De ces trois provinces, de ces trois peuples longtemps soumis à des dominations et à des influences diverses, il faut aujourd’hui refaire une seule nation, un seul État. Le premier soin du gouvernement central a été d’unifier la loi. Une commission de jurisconsultes a été instituée à cet effet ; elle siège à Varsovie et poursuit activement ses travaux. Le docteur Makarewicz, professeur de droit criminel à l’Université de Lwow, et membre de la commission, a bien voulu me donner quelques indications sur la méthode suivie.

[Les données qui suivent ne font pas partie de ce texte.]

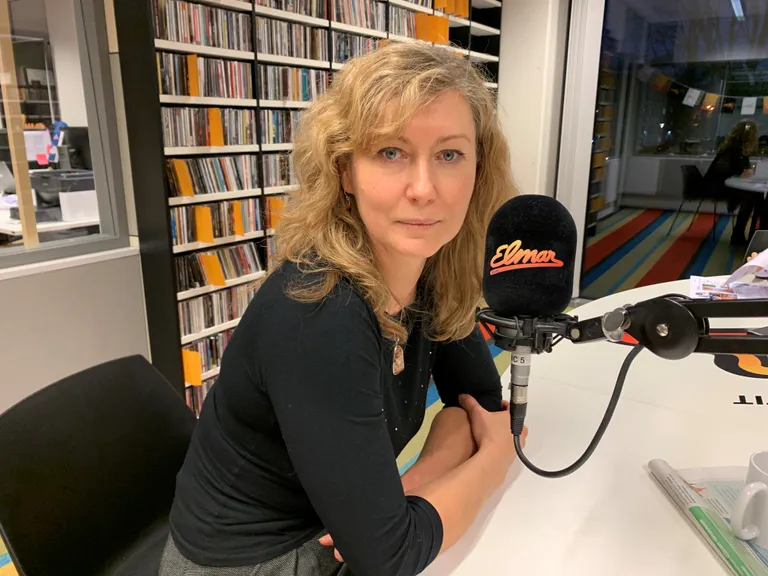 Liia Kilp raadio Elmar stuudios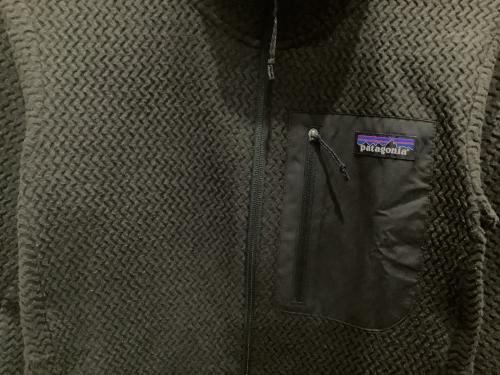 Patagonia（パタゴニア）Patagonia (パタゴニア) ウィメンズ・R1 エア・ジャケット ブラック サイズ:Mの古着・服飾アイテム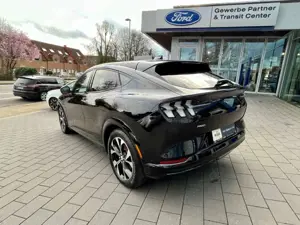 Ford Mustang Mach-E AWD 99 kWh Extended Range Techno1 ab 3,99 eff.Jahr Bild 5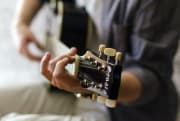 《月半湾》吉他谱_黑鸭子合唱组_吉他弹唱谱4/4拍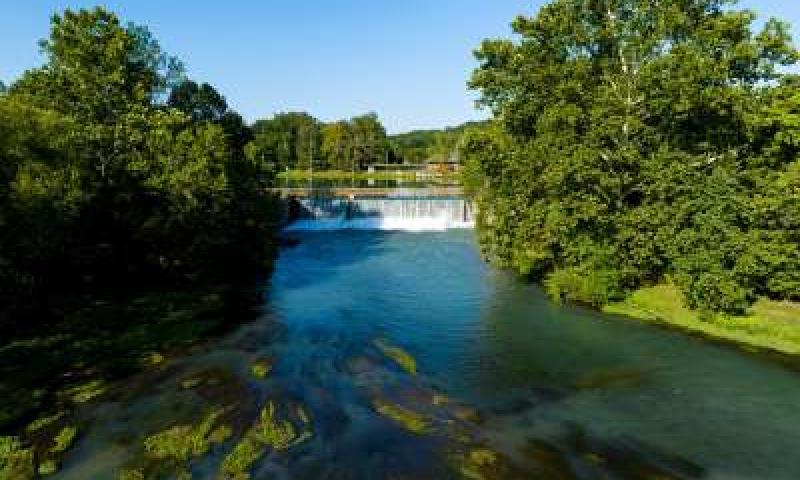 Mammoth Spring State Park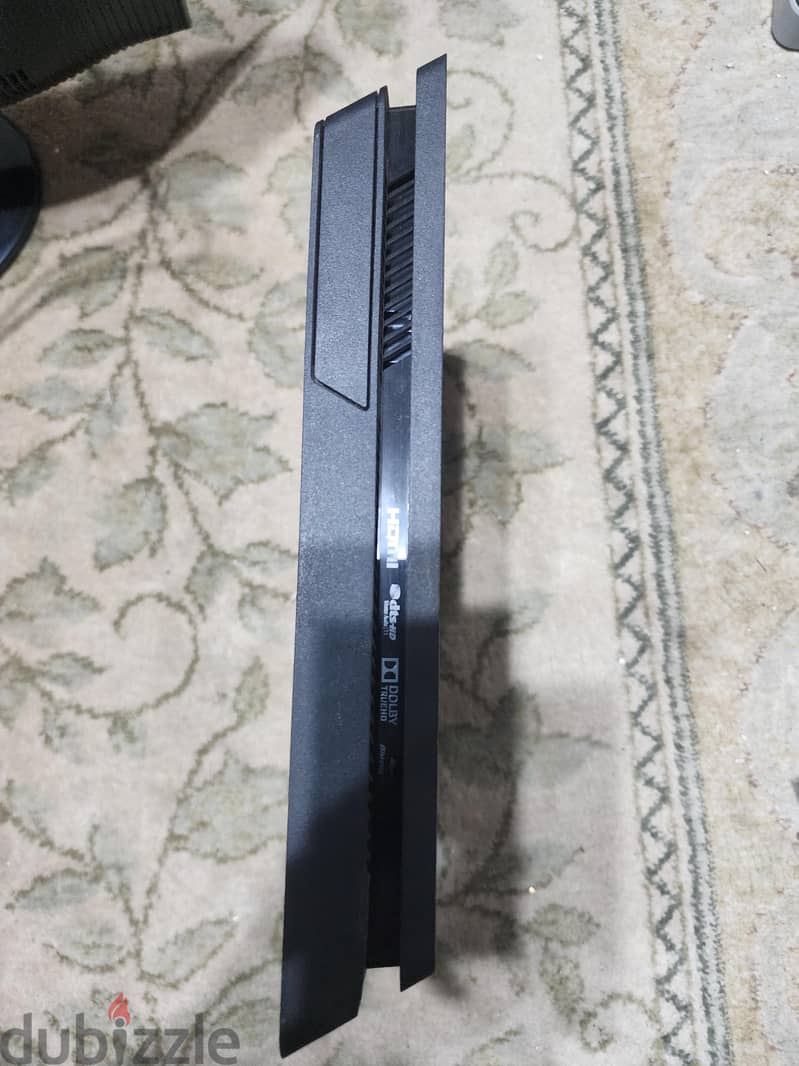 Ps4 slim ,barely used, zero condition 2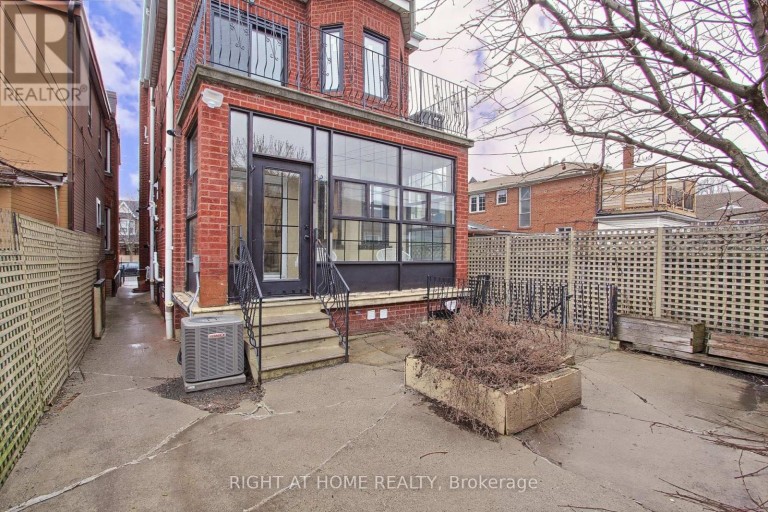 UNIT 2 - 1201 DOVERCOURT ROAD, Toronto (Wychwood), Ontario, M6H2Y1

— Notre intention, m’a-t-il dit, n’est pas de faire une compilation, qui manquerait nécessairement d’unité, mais de créer un système nouveau. En Posnanie, on appliquait la loi allemande, telle que l’établit le nouveau Code civil promulgué en 1900. La législation autrichienne, qui était en vigueur en Galicie, offre un mélange de théorie allemande, de tradition catholique et de coutume locale. Dans l’ancien royaume, comme en Russie, on suivait, pour le droit civil, le code Napoléon et, pour le droit criminel, un code pénal très particulier. Provisoirement, nous laissons à chaque province son ancienne législation ; pour les relations de province à province, nous appliquons tant bien que mal les principes du droit international, public ou privé. La Commission est divisée en plusieurs sections, dont chacune a entrepris une partie de la tache ; unification et réforme du droit civil, du droit commercial, du droit criminel, de la procédure. Une année nous suffira, je pense, pour terminer nos travaux. Mais nous avons l’espoir que la Commission ne sera pas dissoute après avoir achevé cette première tâche, et qu’elle sera transformée alors en une sorte de Conseil d’Etat, organe indispensable à une nation dont le corps législatif, élu suivant les règles que vous connaissez, ne peut avoir qu’une compétence juridique assez limitée.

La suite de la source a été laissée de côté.